ASSIGNED TASK:
A word-for-word copy of the entries, with the images left out, is what you should write.

Dataset records
########################################

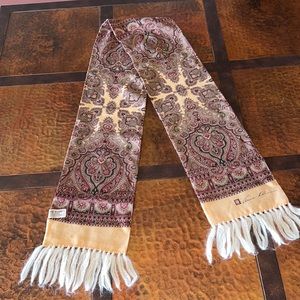 100% Wool Anne Klein Oblong Scarf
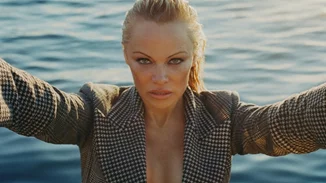 Pamela Anderson | Ανανεωμένη και πιο αισθησιακή από ποτέ στο Wmagazine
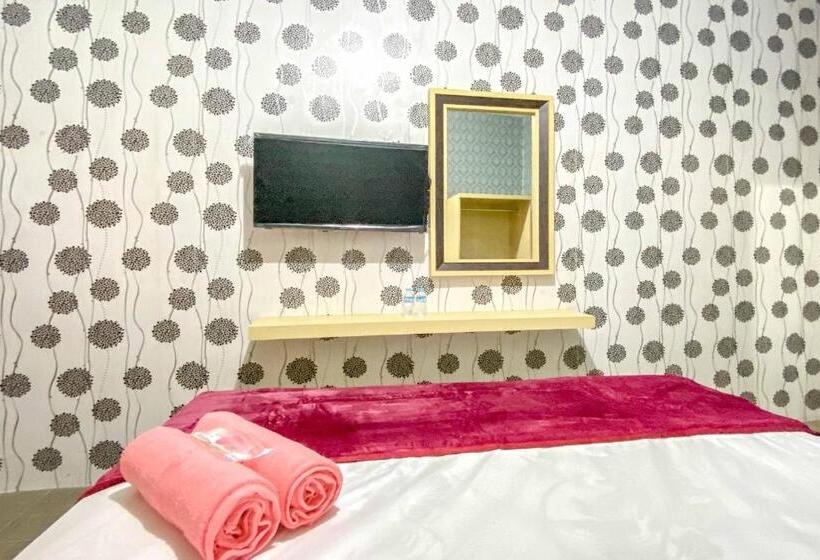Номер Стандарт, Tini S Guest House Malang Mitra Reddoorz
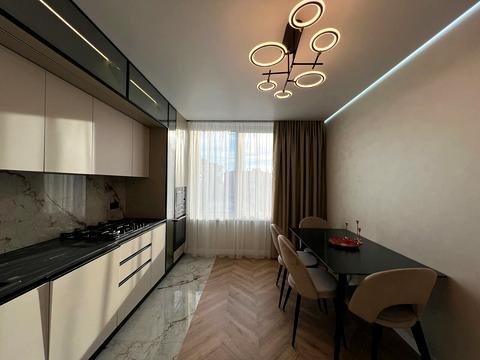 квартира по адресу Степана Бандеры ул., (Будинок 5)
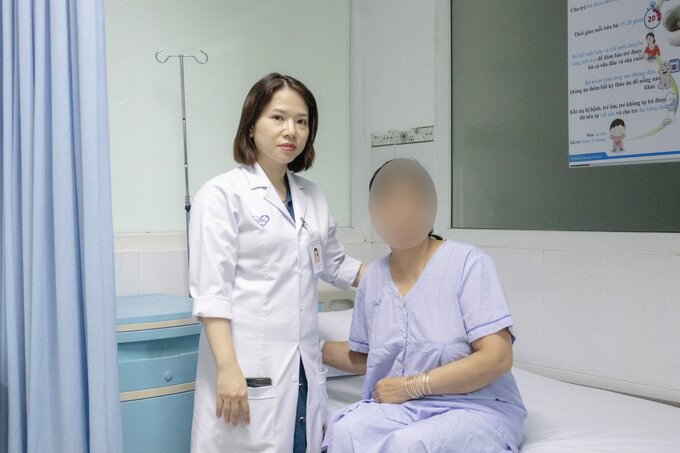 Bệnh viện Tâm Trí Đà Nẵng phẫu thuật bóc u lạc nội mạc kích thước lớn cho nữ bệnh nhân 49 tuổi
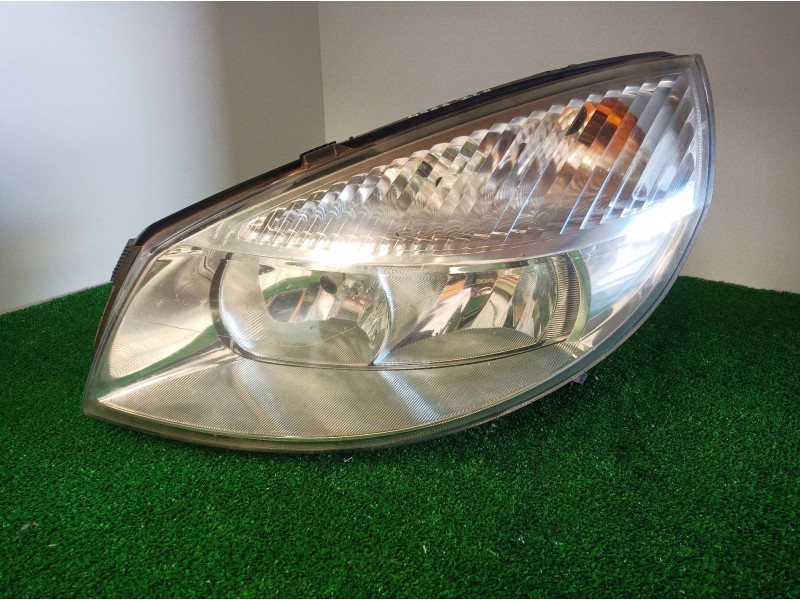 Recambio de faro izquierdo para renault scenic ii referencia OEM IAM 15810300 15810300 15810300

########################################

REPLY TO THE EXERCISE:
 100% Wool Anne Klein Oblong Scarf
 Pamela Anderson | Ανανεωμένη και πιο αισθησιακή από ποτέ στο Wmagazine
Номер Стандарт, Tini S Guest House Malang Mitra Reddoorz
 квартира по адресу Степана Бандеры ул., (Будинок 5)
 Bệnh viện Tâm Trí Đà Nẵng phẫu thuật bóc u lạc nội mạc kích thước lớn cho nữ bệnh nhân 49 tuổi
 Recambio de faro izquierdo para renault scenic ii referencia OEM IAM 15810300 15810300 15810300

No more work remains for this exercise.